Your assignment: Go through the listing below and repeat it exactly, omitting each picture.

Raw data:
⁂
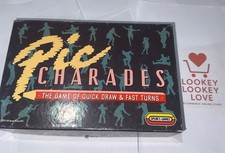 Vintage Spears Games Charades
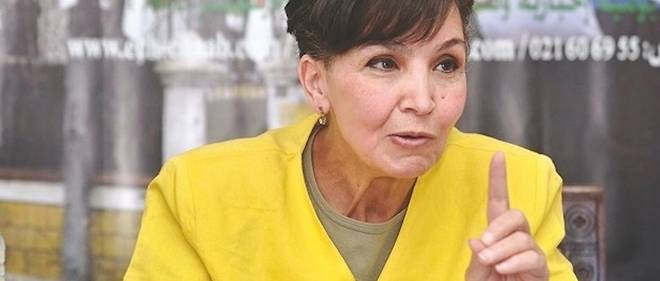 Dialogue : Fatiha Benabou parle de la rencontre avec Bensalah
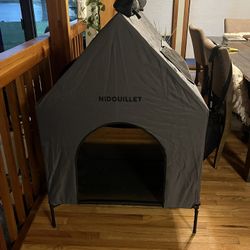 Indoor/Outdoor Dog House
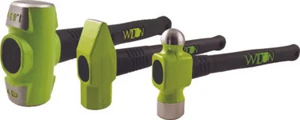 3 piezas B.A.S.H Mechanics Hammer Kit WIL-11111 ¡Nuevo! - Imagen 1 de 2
⁂
Answer:
 Vintage Spears Games Charades
 Dialogue : Fatiha Benabou parle de la rencontre avec Bensalah
 Indoor/Outdoor Dog House
 3 piezas B.A.S.H Mechanics Hammer Kit WIL-11111 ¡Nuevo! - Imagen 1 de 2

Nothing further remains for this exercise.